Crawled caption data
************
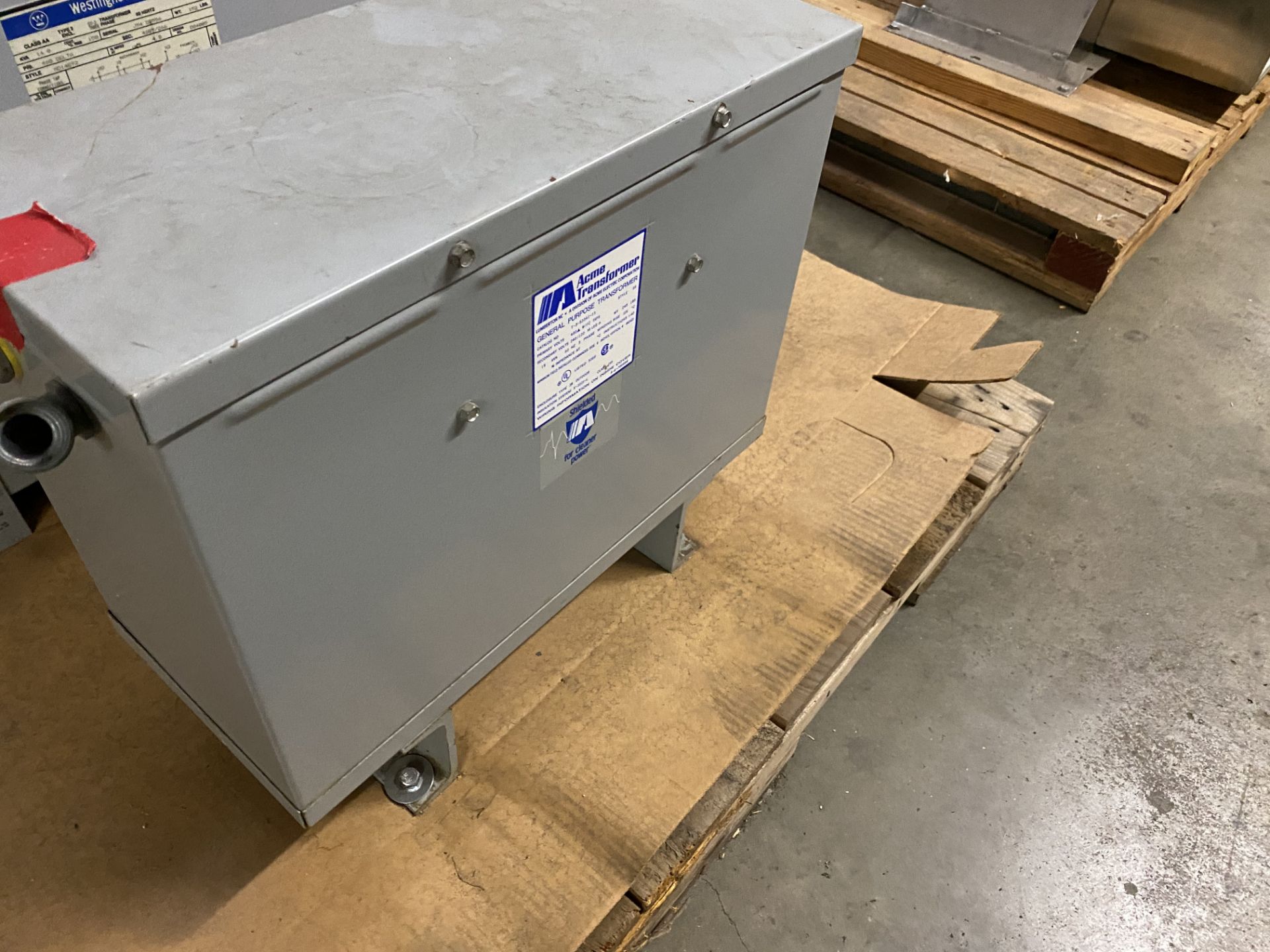 ACME T-3-53341-1S, 15 KVA, 3Ø, 480 X 240/120 VOLT, TRANSFORMER- (NS) T1600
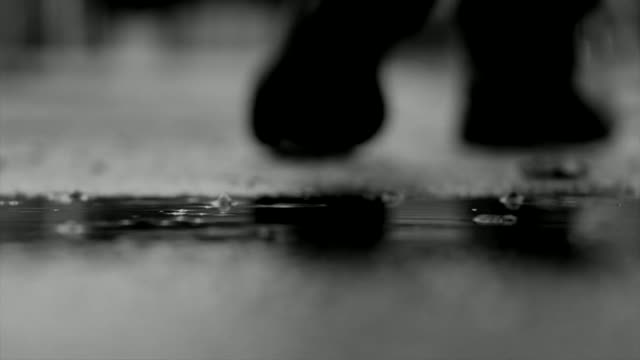 Walking away feet legs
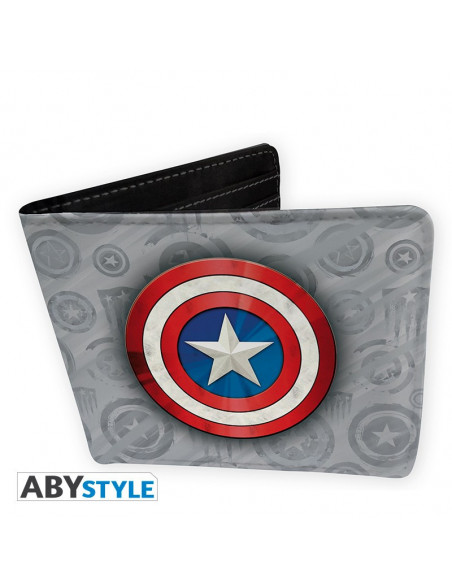 es::Marvel Comics Cartera de vinilo 'Capitán América'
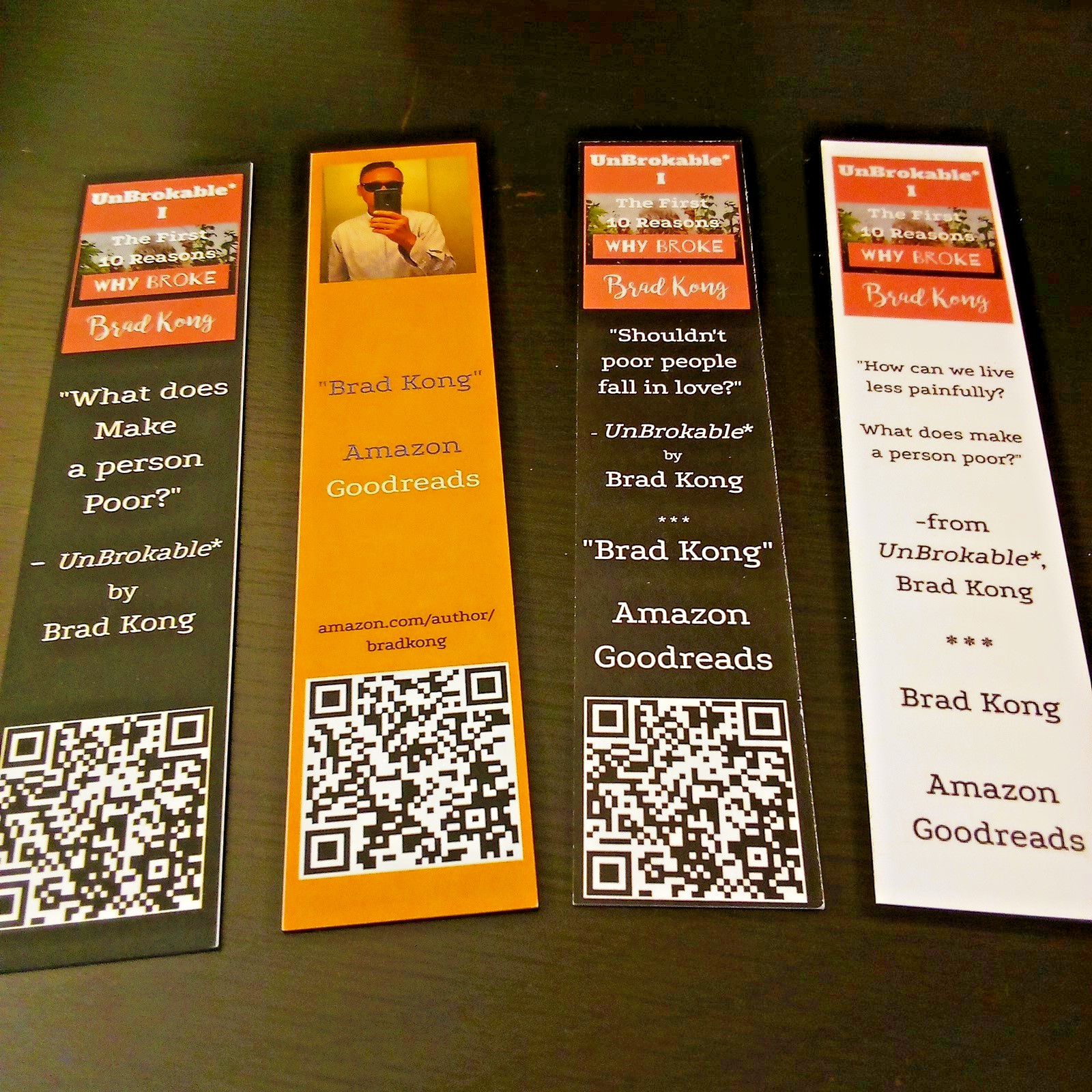 4 bookmarks (Brand New): 2 Ultra thick + 2 Premium (18-38 PT) Free Shipping!
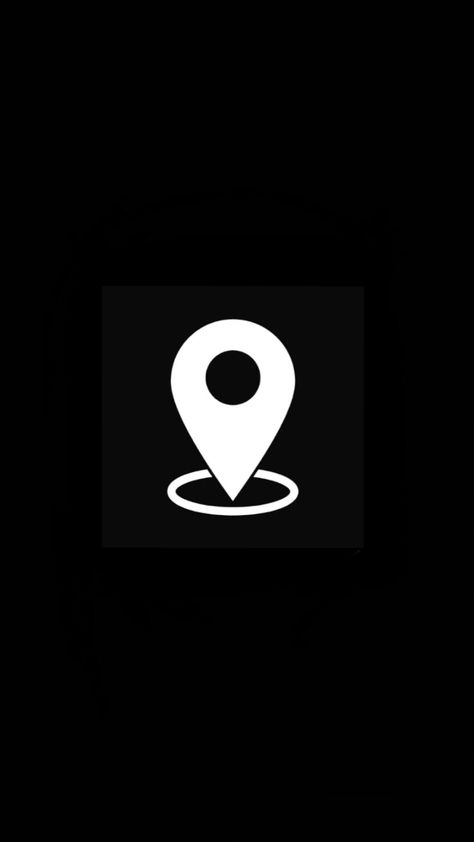 Google Maps Icon Aesthetic, Black Instagram Highlight Covers, Google Maps Icon, Logo Voyage, Journey Logo, Instagram Highlights Icons, Maps Icon, Map Logo, Instagram Black Theme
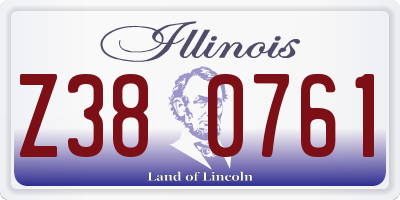IL license plate Z380761
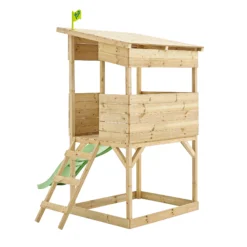 TP Toys 8x7 Tree Top Timber Tower Slide Playhouse Assembly Required -Outdoor Living Sales Store tp toys 8x7 tree top timber tower slide playhouse assembly required5021854803543 05c bq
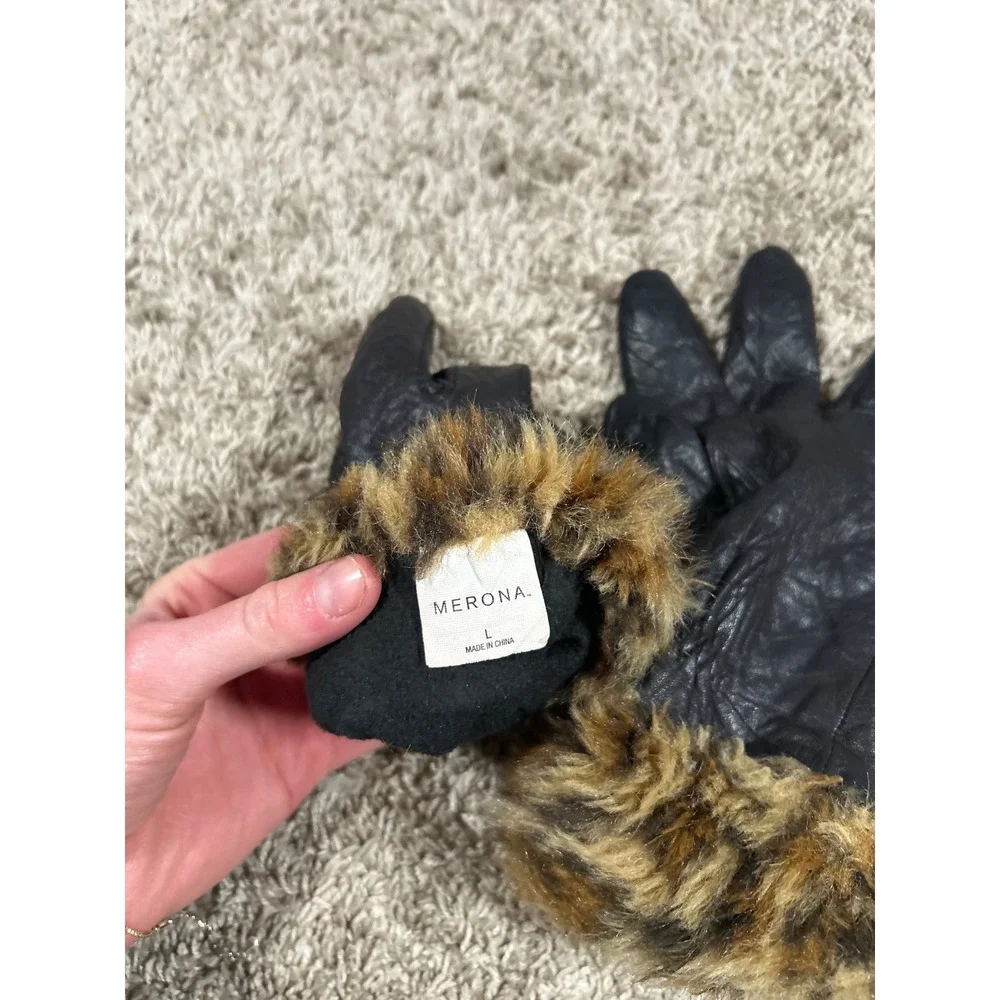 Merona black leather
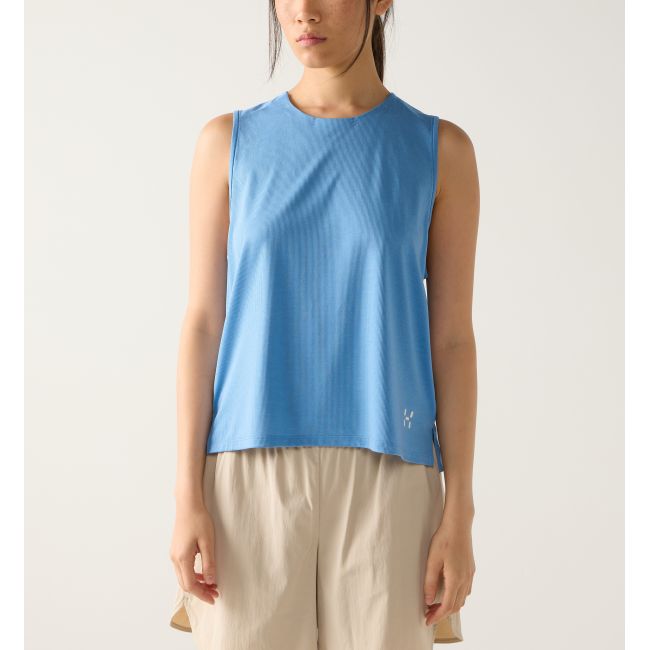 Haglöfs L.I.M Ridge Tank W – Maiou tehnic ușor - Albastru deschis Sky Blue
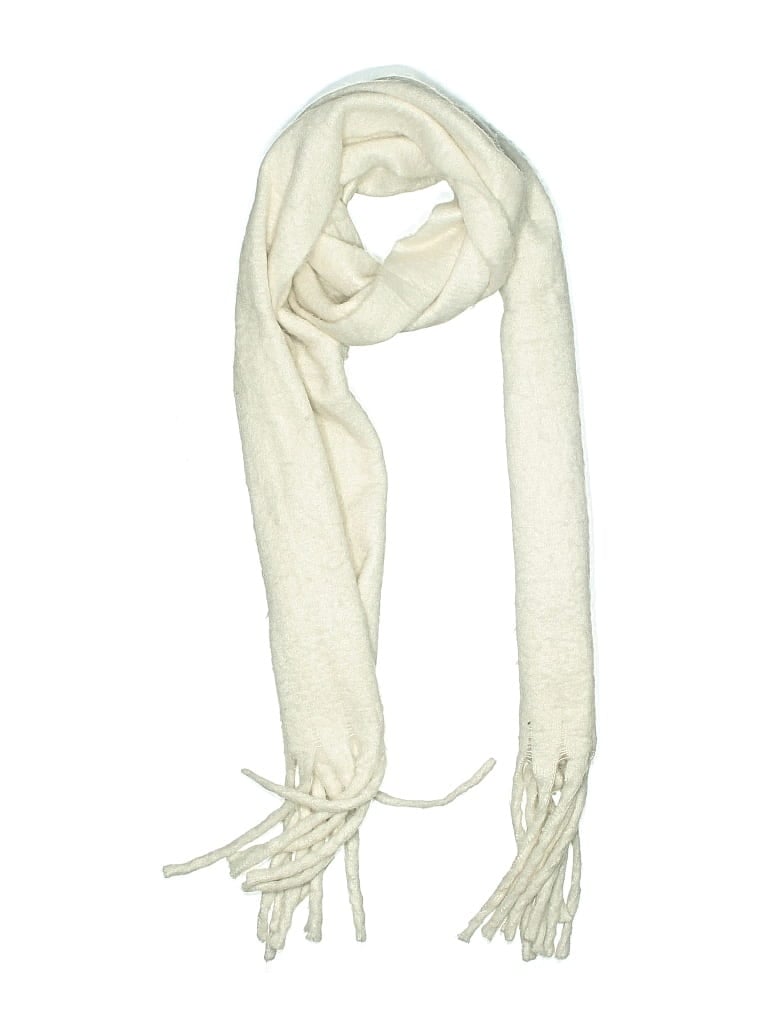 Pre-owned Unbranded Scarf In White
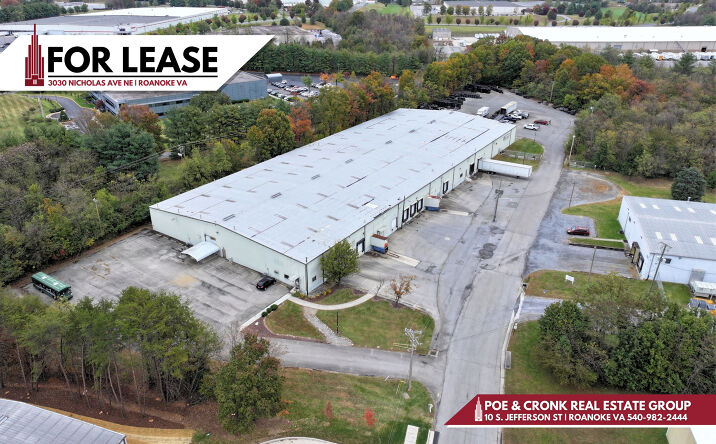 Pictures of Industrial property located at 3030 Nicholas Ave NE, Roanoke, VA 24012 for lease - image #1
************
A complete and exact copy of the records is required. Exclude the pictures.

EXERCISE ANSWER
 ACME T-3-53341-1S, 15 KVA, 3Ø, 480 X 240/120 VOLT, TRANSFORMER- (NS) T1600
 Walking away feet legs
 es::Marvel Comics Cartera de vinilo 'Capitán América'
 4 bookmarks (Brand New): 2 Ultra thick + 2 Premium (18-38 PT) Free Shipping!
 Google Maps Icon Aesthetic, Black Instagram Highlight Covers, Google Maps Icon, Logo Voyage, Journey Logo, Instagram Highlights Icons, Maps Icon, Map Logo, Instagram Black Theme
IL license plate Z380761
 TP Toys 8x7 Tree Top Timber Tower Slide Playhouse Assembly Required -Outdoor Living Sales Store tp toys 8x7 tree top timber tower slide playhouse assembly required5021854803543 05c bq
 Merona black leather
 Haglöfs L.I.M Ridge Tank W – Maiou tehnic ușor - Albastru deschis Sky Blue
 Pre-owned Unbranded Scarf In White
 Pictures of Industrial property located at 3030 Nicholas Ave NE, Roanoke, VA 24012 for lease - image #1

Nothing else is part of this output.